▶ [REQUIRED ACTION]: In the entries below, some lines hold the string "Building"; please say how many, giving the number and nothing else.

▶ [PROVIDED RECORDS]:
###

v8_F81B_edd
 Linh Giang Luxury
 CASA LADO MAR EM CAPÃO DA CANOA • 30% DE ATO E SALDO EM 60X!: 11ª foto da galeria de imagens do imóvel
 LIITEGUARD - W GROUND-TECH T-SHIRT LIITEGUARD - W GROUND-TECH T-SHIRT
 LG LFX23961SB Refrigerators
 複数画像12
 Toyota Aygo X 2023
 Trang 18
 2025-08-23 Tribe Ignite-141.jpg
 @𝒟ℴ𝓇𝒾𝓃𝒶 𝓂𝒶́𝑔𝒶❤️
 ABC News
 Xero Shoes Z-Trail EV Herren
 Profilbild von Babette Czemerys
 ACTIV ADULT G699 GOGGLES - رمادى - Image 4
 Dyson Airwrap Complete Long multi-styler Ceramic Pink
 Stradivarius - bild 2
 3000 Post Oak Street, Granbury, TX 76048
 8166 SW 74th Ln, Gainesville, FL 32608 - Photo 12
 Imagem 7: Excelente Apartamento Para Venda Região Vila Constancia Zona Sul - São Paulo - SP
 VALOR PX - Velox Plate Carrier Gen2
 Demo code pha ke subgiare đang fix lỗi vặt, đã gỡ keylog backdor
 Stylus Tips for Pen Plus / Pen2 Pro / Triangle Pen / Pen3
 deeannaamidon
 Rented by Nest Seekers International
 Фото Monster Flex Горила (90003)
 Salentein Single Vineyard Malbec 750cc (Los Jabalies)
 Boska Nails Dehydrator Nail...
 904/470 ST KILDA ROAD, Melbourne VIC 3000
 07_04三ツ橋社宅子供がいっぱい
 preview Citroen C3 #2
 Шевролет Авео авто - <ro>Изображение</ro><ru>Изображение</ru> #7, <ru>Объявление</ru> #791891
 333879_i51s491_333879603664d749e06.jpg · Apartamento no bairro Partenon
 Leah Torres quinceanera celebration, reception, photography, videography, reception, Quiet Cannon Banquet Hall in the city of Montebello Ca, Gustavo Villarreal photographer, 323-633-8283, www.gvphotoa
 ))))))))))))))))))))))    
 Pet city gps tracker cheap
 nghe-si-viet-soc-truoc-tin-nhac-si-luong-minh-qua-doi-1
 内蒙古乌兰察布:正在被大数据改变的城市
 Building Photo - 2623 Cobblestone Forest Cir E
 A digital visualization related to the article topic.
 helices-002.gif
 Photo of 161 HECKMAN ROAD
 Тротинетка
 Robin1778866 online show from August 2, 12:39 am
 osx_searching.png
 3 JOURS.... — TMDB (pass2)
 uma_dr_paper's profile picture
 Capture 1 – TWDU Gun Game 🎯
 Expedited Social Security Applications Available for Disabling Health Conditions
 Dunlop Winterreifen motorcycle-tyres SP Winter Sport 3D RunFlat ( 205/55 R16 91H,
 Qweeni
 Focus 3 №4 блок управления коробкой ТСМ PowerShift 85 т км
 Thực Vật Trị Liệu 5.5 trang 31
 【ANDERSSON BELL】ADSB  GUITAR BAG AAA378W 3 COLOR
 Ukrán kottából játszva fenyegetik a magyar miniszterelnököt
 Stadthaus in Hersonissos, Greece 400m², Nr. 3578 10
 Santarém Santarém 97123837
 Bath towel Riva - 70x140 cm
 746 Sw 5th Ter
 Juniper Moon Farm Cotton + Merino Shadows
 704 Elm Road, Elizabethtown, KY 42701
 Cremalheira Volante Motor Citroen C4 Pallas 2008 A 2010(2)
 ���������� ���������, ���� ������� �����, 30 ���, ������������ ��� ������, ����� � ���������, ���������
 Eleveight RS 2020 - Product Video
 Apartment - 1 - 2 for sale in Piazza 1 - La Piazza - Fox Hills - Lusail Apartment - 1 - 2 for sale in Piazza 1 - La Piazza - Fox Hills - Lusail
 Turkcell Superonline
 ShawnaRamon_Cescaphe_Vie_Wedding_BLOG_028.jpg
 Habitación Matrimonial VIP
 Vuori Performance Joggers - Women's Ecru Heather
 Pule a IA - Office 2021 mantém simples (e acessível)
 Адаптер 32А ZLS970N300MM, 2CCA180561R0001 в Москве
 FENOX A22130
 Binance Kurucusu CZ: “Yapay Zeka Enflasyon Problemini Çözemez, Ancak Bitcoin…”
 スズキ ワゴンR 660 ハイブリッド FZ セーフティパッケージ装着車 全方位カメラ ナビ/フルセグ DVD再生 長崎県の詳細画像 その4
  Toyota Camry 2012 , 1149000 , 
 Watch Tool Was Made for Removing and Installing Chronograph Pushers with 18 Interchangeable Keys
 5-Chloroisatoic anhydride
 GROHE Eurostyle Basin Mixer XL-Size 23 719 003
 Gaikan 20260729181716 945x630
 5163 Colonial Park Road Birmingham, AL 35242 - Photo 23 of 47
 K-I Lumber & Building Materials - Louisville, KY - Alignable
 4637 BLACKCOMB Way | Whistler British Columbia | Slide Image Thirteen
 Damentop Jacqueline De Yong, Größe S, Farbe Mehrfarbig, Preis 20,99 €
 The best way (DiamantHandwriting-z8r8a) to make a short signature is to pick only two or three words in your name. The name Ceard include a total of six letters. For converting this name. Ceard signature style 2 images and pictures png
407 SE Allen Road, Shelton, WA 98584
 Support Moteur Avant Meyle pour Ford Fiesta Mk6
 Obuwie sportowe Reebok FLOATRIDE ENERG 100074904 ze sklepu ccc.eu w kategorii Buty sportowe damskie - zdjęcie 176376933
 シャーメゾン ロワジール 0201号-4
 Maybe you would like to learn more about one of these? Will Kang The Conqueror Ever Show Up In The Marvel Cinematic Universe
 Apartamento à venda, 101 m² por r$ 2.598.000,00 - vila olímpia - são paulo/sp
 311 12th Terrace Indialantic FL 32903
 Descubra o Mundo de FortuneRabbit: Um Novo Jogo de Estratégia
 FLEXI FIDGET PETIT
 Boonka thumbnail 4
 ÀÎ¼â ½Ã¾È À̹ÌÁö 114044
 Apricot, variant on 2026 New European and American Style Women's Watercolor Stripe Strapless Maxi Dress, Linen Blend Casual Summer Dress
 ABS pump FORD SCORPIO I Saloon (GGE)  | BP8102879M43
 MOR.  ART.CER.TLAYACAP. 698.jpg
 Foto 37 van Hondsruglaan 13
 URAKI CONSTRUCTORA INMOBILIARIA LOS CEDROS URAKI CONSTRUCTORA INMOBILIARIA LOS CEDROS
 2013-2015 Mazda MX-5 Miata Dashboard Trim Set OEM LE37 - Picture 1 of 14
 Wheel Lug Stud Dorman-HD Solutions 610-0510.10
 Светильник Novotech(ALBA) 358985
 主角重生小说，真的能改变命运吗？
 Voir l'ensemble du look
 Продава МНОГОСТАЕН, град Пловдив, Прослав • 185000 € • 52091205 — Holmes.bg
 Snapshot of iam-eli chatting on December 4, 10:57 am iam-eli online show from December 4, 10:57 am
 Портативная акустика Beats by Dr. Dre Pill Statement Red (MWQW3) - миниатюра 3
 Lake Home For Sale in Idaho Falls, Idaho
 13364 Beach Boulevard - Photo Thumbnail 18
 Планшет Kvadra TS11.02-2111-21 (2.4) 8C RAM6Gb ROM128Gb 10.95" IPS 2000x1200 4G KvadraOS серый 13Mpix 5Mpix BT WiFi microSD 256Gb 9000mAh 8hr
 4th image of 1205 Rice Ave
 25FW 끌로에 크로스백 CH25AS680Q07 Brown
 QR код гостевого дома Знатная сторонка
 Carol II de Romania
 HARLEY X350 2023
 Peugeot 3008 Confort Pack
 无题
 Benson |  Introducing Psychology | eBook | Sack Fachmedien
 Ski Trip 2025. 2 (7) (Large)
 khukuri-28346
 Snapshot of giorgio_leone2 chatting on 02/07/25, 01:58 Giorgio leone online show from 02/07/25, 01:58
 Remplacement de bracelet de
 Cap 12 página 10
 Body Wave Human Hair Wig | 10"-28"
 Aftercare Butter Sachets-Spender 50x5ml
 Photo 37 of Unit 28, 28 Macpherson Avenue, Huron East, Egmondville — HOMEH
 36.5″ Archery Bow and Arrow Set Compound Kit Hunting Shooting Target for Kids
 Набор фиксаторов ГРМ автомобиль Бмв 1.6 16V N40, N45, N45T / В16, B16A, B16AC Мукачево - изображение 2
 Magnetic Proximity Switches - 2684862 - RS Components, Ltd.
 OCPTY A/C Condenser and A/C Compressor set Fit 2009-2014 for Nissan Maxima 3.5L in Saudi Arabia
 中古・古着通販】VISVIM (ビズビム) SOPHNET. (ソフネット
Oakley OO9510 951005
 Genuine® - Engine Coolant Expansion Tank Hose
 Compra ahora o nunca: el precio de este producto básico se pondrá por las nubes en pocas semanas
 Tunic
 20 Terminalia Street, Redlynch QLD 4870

###

▶ [SOLVED EXERCISE]: 2